Une telle démarche néces­site une nou­velle théo­ri­sa­tion, ou une repo­li­ti­sa­tion de la concep­tion du mou­ve­ment, ainsi qu’un repo­si­tion­ne­ment phi­lo­so­phique et stra­té­gique de l’action syn­di­cale. En ce sens, le néces­saire renou­veau syn­di­cal ne peut plus se conten­ter de micro-expé­riences cher­chant à s’accommoder ou à s’adapter au post­for­disme, mais doit au contraire repo­ser sur une dis­cus­sion large quant à la stra­té­gie glo­bale à mettre en œuvre pour lui faire échec, tant dans les milieux de tra­vail que sur la scène poli­tique et sociale.
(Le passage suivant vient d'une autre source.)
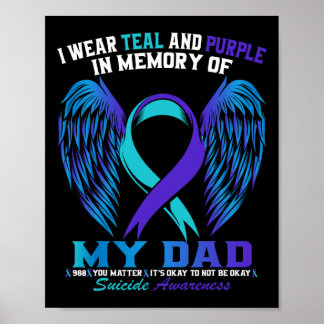 I Wear Teal And Purple For My Dad Suicide Awarenes Poster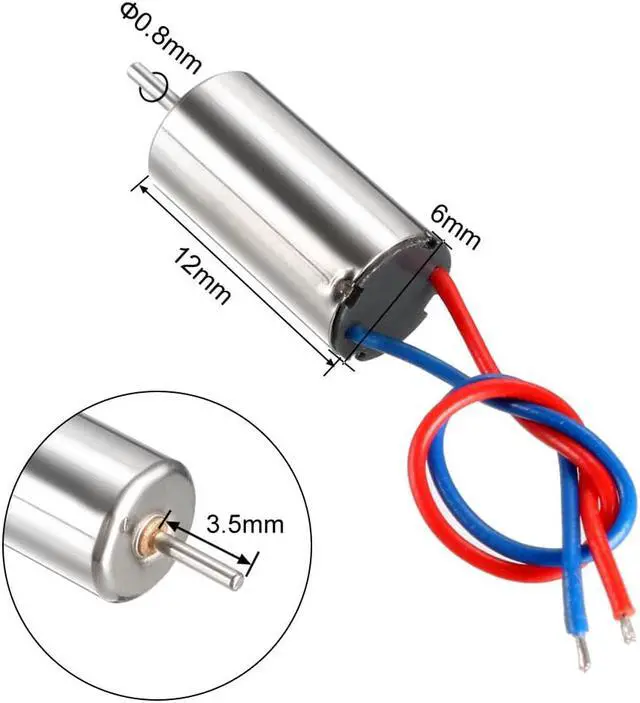 Alt view image 3 of 3 - 4PCS DC 3V 40000RPM Coreless Micro Motor 612 6x12mm for Airplane Model RC Toys
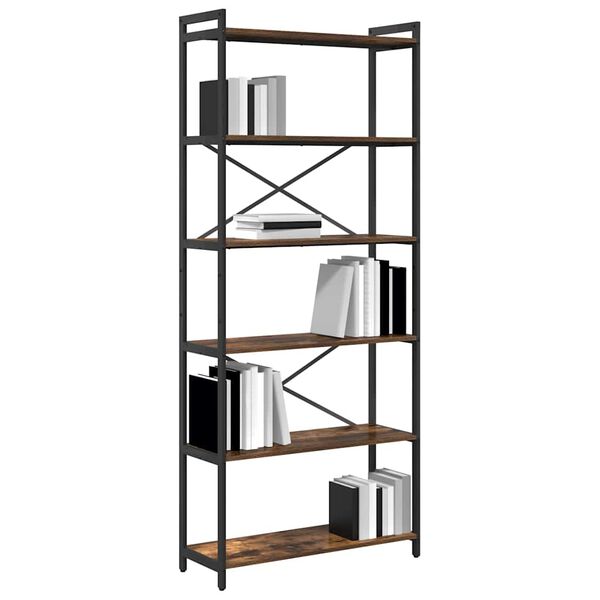 vidaXL Bookshelf Smoked Oak 80 x 30 x 190 cm Engineered Wood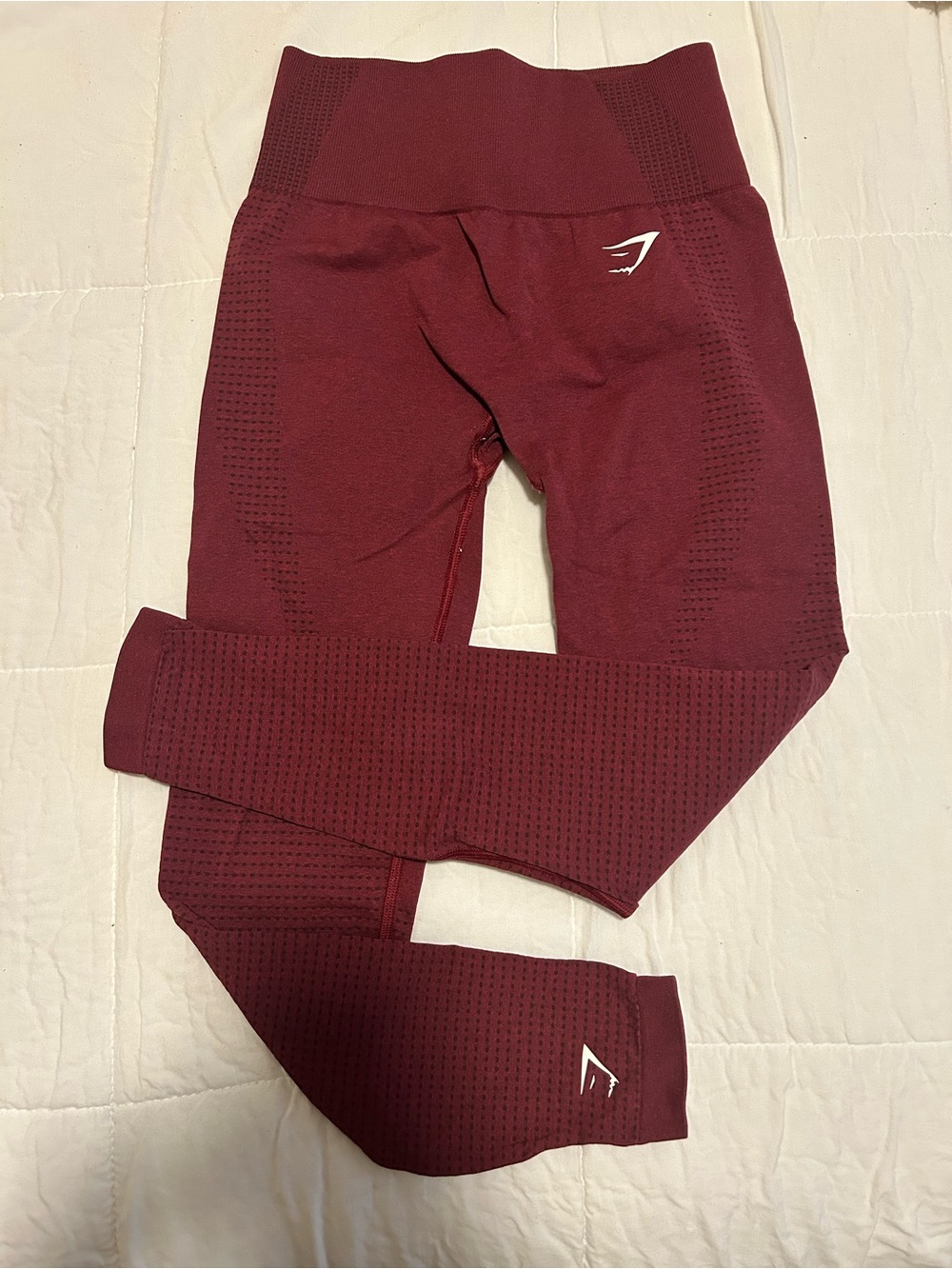 Gymshark Kids Seamless High-Waist Leggings in Maroon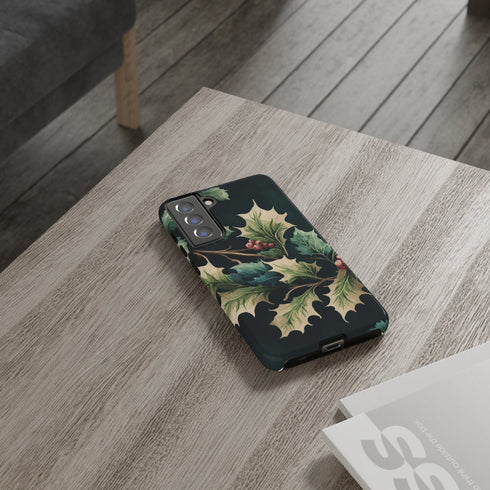 Dark Green Festive Holly in Watercolor - Impact Resistant Phone Case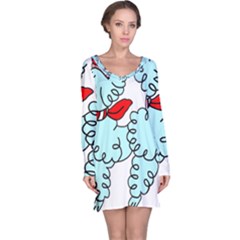 Doodle Poodle  Long Sleeve Nightdress by IIPhotographyAndDesigns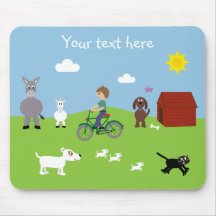 Niedliche Cartoon-Tiere u. Jungen-Reitfahrrad Mous
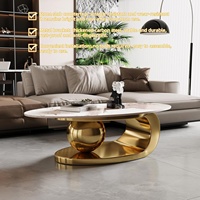 Table basse ovale en marbre de 52 pouces, base en acier inoxydable doré moderne, résistante aux rayures, décoration de salon de luxe, montage facile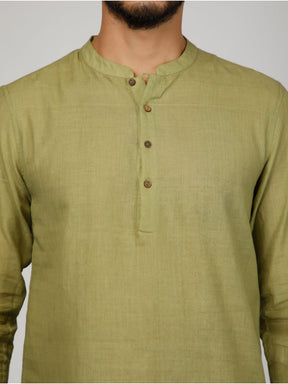 Eco Khadi Cotton Olive Green Shirt Kurta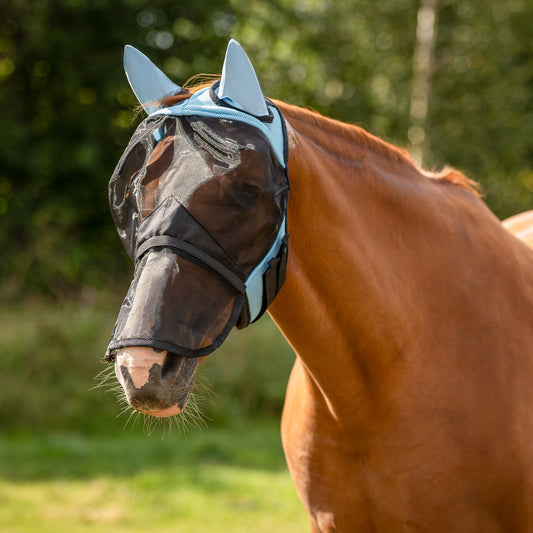 Masque anti-mouches clapet bleu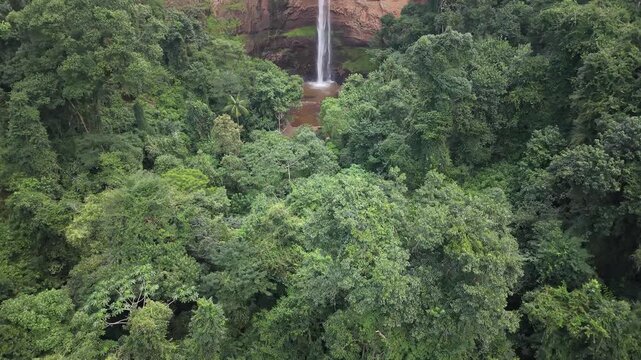 Aerial View of Cachoeira do Salt&atilde;o Waterfall in S&atilde;o Paulo Brazil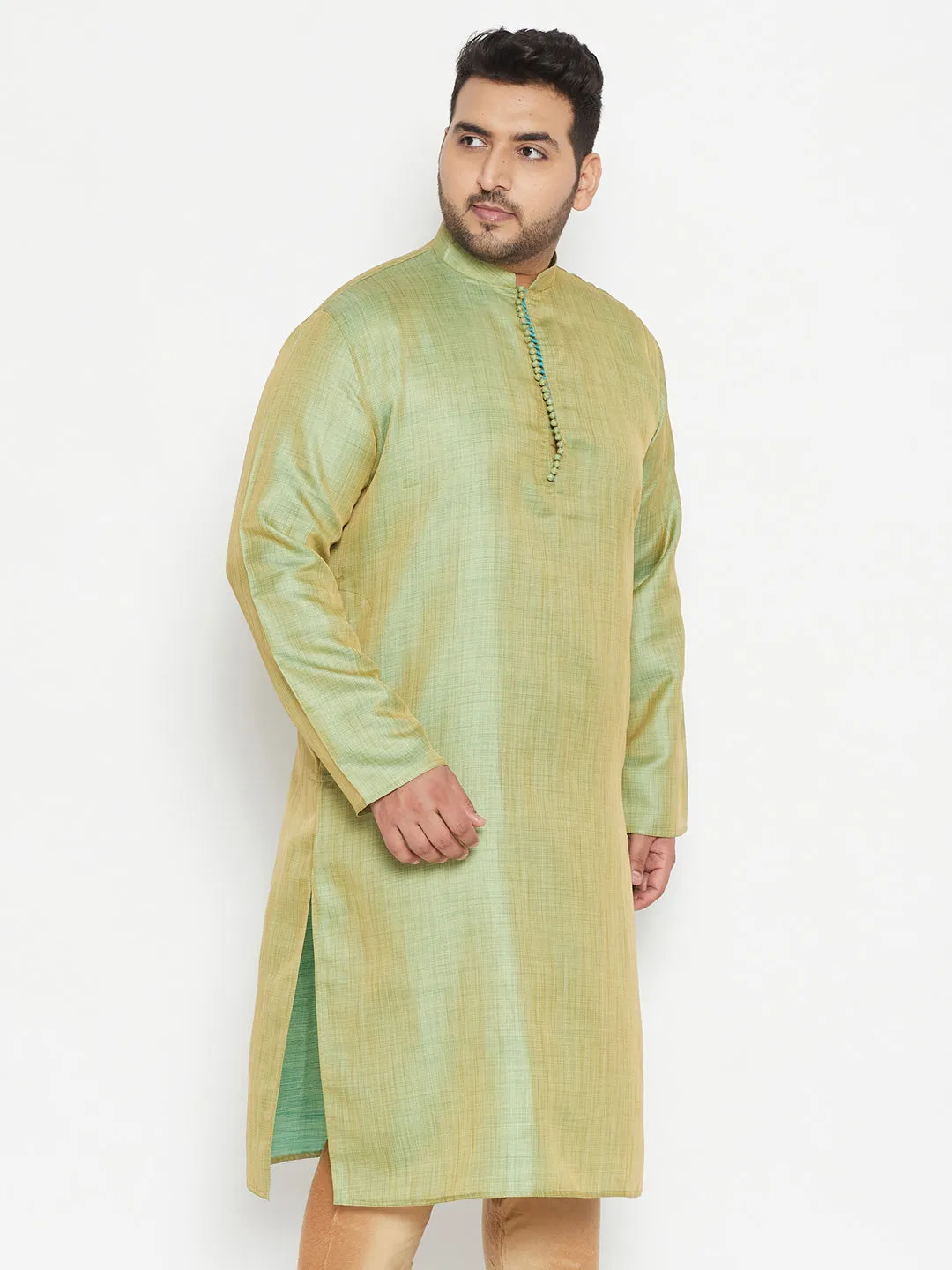 Jashvi Men's Plus Size Mint Green Viscose Blend Kurta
À cette fin, Crevier et coll. appellent les tra­vailleurs et les tra­vailleuses à renouer avec une concep­tion glo­bale et libre de l’action syn­di­cale, lar­ge­ment ins­pi­rée du syn­di­ca­lisme de combat et tour­née vers la trans­for­ma­tion sociale. Cette pos­ture exige de renou­ve­ler en pro­fon­deur et de rame­ner en avant-plan la démo­cra­tie syn­di­cale au béné­fice d’une cer­taine décen­tra­li­sa­tion, voire d’une concep­tion de formes hori­zon­tales de pou­voir syn­di­cal. Dès lors, la néces­saire aug­men­ta­tion du pou­voir des membres dans et sur leurs milieux de tra­vail, unité de base du mou­ve­ment, appelle une action syn­di­cale plus directe et constante. De même, la soli­da­ri­sa­tion des luttes dans et hors des milieux de tra­vail exige de renouer avec les mou­ve­ments sociaux à tous les éche­lons et au-delà des inté­rêts cor­po­ra­tistes pour favo­ri­ser une lutte inter­sec­to­rielle glo­bale, par la résur­gence d’une société civile des mou­ve­ments sociaux unis. À cette fin, les orga­ni­sa­tions doivent réac­ti­ver des pro­grammes d’éducation syn­di­cale et popu­laire, qui font une large place à la conscien­ti­sa­tion poli­tique et à la maî­trise des leviers démo­cra­tiques, et pré­parent les membres à la mili­tance, à la soli­da­rité et à la mobi­li­sa­tion.

Enfin, à l’heure de la triple crise glo­bale (éco­no­mique, poli­tique, envi­ron­ne­men­tale) à laquelle le mou­ve­ment, selon Crevier et coll., est désor­mais confronté, la déli­cate ques­tion d’un vec­teur poli­tique (parti) ouvrier se pose avec urgence et doit être débat­tue sans com­plexe, si le mou­ve­ment sou­haite réa­lis­te­ment défi­nir et porter sa vision alter­na­tive de la société jusqu’aux portes du pou­voir et trans­for­mer les ins­ti­tu­tions en faveur d’un modèle social plus démo­cra­tique, plus juste et plus durable. Cela exige des orga­ni­sa­tions syn­di­cales et sociales qu’elles réin­ves­tissent les leviers élec­to­raux et par­le­men­taires, et militent acti­ve­ment et sin­cè­re­ment pour une réforme des ins­ti­tu­tions démo­cra­tiques, à com­men­cer par le mode de scru­tin.